Friday, June 25, 2004

Holy Father speaks out on "Europe's Religion Problem"

John Allen Jr. writes on Europe's increasing phobia towards religion, as recently illustrated in their deliberate ommission of any reference to God in the adoption of the European Constitution -- and about which Pope John Paul II had harsh words to say in his visit to Poland:

"I want to thank Poland for faithfully defending in European institutions the Christian roots of our continent, from which have grown our culture and the civil progress of our time," he said in his native Polish.

Poland was among the handful of European nations -- Italy, Portugal, Malta, and the Czech Republic -- that persevered until the end in requesting a reference to Christianity, but in the end they were blocked by more powerful nations, especially France. (Former French President Valery Giscard d'Estaing headed the drafting commission).

Thus the papal barb: "One does not cut off the roots from which one is born."

Other Vatican sources reflected the pope's displeasure.

On Friday, spokesman, Joaquin Navarro-Valls charged that governments that had blocked the reference to Christianity "failed to understand the historical evidence and the Christian identity of the peoples of Europe." On Saturday, L'Osservatore Romano said that Europe "seems to want to deprive itself of the solid foundation of its historical memory.

Mr. Allen offered three interesting predictions on the potential implications of Europe's aversion to religion:

  1. First, it strengthens the case that the next pope must have some sort of vision for Europe. . . . Although the center of gravity of global Christianity will increasingly be in the south, Europe is still the cradle of Christianity, and it is where much of the intellectual (and financial) capital originates. A damaged church in Europe is bad news everywhere. Hence, papal candidates will increasingly be evaluated by what they have to say about Europe.

  2. Second, the outcome will probably push a few more European bishops to open their doors to new ecclesial realities such as Opus Dei, the Neocatechumenate, and the Legionaries of Christ. In a culture that often seems not just indifferent, but positively hostile, to organized religion, it may be that only disciplined, highly motivated groups operating outside traditional ecclesiastical structures will have the capacity to evangelize and catechize.

  3. Finally, I suspect the outcome will to some extent embolden the pro-American faction within the Vatican and the College of Cardinals.
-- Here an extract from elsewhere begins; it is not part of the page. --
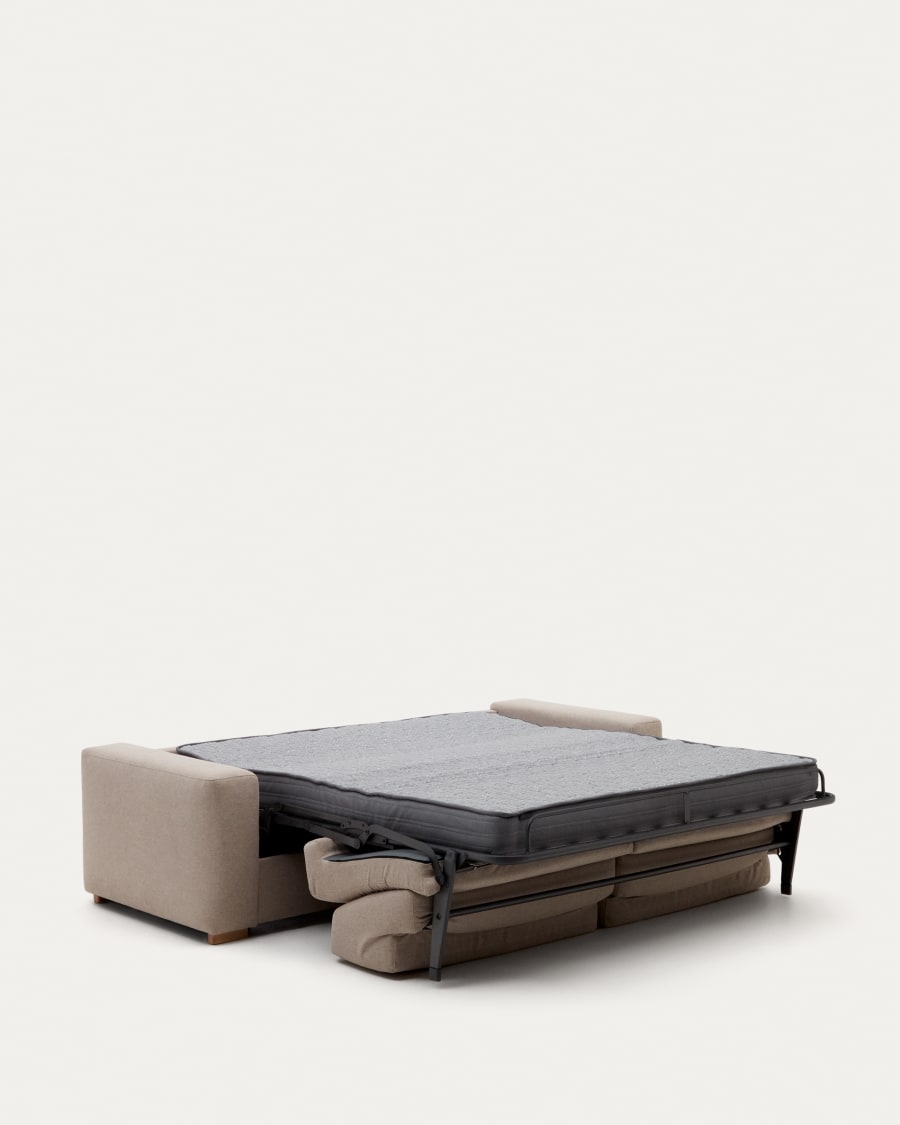 4-Sitzer-Bettsofa Anley in Beige mit Beinen aus massivem Buchenholz, 244 cm, FSC Mix Credit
Broadly speaking, church leaders have long been divided between those who want Europe to emerge as a third pole in global affairs with a more Catholic vision of society, and those who think the church ought to cast its lot with the Americans because they're the only game in town. This second group would include figures such as Cardinal Camillo Ruini, the pope's vicar for the diocese of Rome, and Bishop Rino Fisichella, rector of the Lateran University. The failure of European leaders to even use the word "Christian," let alone articulate a Christian social vision, in their new constitution makes the pro-American argument that much more convincing.